Weniger gern stellen wir uns die Frage, wo KI-Systeme solche Unterschiede eigentlich „aufschnappen“: Ob die Gleichbehandlung, die wir von der KI fordern, im „natürlich intelligenten“ Gesundheitssystem schon funktioniert. Wer besorgt ist über die Behandlungsqualität von KI-Systemen, mag sich auch für eine Messung (und kontinuierliche Verbesserung!) der Qualität von menschlichen Systemen interessieren. Fallstudien und Erfahrungswerte sind dabei ein probates Mittel, das aber mit modernen technischen Möglichkeiten durch quantitative Datenauswertungen stärker unterstützt werden kann. Ein Monitoring von Behandlungsqualität anhand von Routinedaten hilft gegen schlechte KI-Systeme – es kann uns aber auch ohne solche Systeme helfen, blinde Flecken in der Versorgung zu entdecken.

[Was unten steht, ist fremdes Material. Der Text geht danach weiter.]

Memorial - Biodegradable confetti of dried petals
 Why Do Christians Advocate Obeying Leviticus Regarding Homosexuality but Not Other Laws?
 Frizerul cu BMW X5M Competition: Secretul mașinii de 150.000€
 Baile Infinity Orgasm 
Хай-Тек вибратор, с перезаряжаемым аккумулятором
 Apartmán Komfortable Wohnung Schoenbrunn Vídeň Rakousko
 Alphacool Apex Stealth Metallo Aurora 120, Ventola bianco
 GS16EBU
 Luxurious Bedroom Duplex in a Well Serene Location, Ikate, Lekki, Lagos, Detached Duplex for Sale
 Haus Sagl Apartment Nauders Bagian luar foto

2.4 Datensicherheit und Cloud
Ein anderer blinder Fleck im Gesundheitswesen ist leider weiterhin die Informationssicherheit. Dabei ist in diesem Gebiet im Jahr 2020 der „größte anzunehmende Unfall“ schon passiert: Vastaamo, eine finnische Kette von Psychotherapiepraxen, hatte offenbar schon einige Jahre zuvor die Daten von 40.000 Patient:innen verloren, inklusive intimen Behandlungsnotizen. Im Herbst 2020 begannen Kriminelle, Patient:innen der Kette mit den erbeuteten Informationen individuell zu erpressen. Wenige Monate später war Vastaamo insolvent.
Sehr viel dramatischer wird es hoffentlich nicht mehr: Psychisch belastete Patient:innen, zum Teil minderjährig, werden nach einem Hack mit intimsten Daten öffentlich erpresst. Vastaamo hatte eigene IT-Systeme, Finnland unterliegt ebenso wie Deutschland der DS-GVO, und die finnische Gesundheits-IT wird üblicherweise für ihre Fortschrittlichkeit gelobt: Es gibt wenig Grund zur Annahme, dass ein ähnlich zerstörerischer Vorfall nicht auch hierzulande passieren könnte.
Die offensichtlichste Schlussfolgerung ist eher technischer Natur: Das Thema Datensicherheit muss bei IT-Projekten von Anfang an mit bedacht werden, es kostet Geld, und angesichts möglicher Angriffsvektoren hätten die sensiblen Gesprächsnotizen zusätzlich gesichert sein müssen. Nicht jede Datenbank muss an das Internet angeschlossen sein.
Aber es gibt auch eine moralische Abwägung: Vielleicht sollte das Gesundheitswesen angesichts des desaströsen Gefahrenpotenzials einfach papierbasiert bleiben? Sicher, in Arztpraxen wird auch eingebrochen, aber dann verschwinden immerhin nur einige Ordner und nicht überregionale Datenbanken. Solche Gedanken sind natürlich nicht ganz abwegig, und Risiken der Informationssicherheit sollten umso vorsichtiger behandelt werden, je schlechter sie eingeschätzt werden können.
Gleichzeitig macht dieses Buch hoffentlich deutlich, welchen konkreten Nutzen das Krankenhaus der Zukunft aus Digitalisierung ziehen kann: Den Kopf in den Sand zu stecken ist keine Option mehr. Und andere Industrien kriegen ihr IT-Risiko auch kontrolliert – das kostet immer Geld und Aufmerksamkeit, aber das tun Hygiene und unterbrechungsfreie Stromversorgung auch. Vastaamo ist ein Weckruf, das Thema ernster zu nehmen. Dazu gehört, PACS-Server nicht ungesichert im Internet stehen zu lassen, als Ärztin oder Arzt Verantwortung für die Sicherung der eigenen Praxis zu übernehmen und als IT-Leiter:in auch dann auf personengebundene User Accounts zu bestehen, wenn Nutzer:innen das unbequem finden.
Dazu gehört auch die Frage, welche Infrastrukturen ein Krankenhaus selbst betreiben sollte: Moderne Cloud-Anbieter haben oft den Vorteil relativ gut gesicherter Standardeinstellungen. In den Diskussionen mit Datenschutzbeauftragten zu On-Premise-Lösungen sollten auch die Implikationen für Sicherheit pragmatisch abgewogen werden.
Die Digitalisierung wird auch im Krankenhaus nicht weniger werden. Sich den Risiken und Nebenwirkungen dieser Entwicklung mit der gebotenen Energie und Aufmerksamkeit zu widmen, um den konkreten Nutzen möglichst bewusst zu erzielen – das muss sein.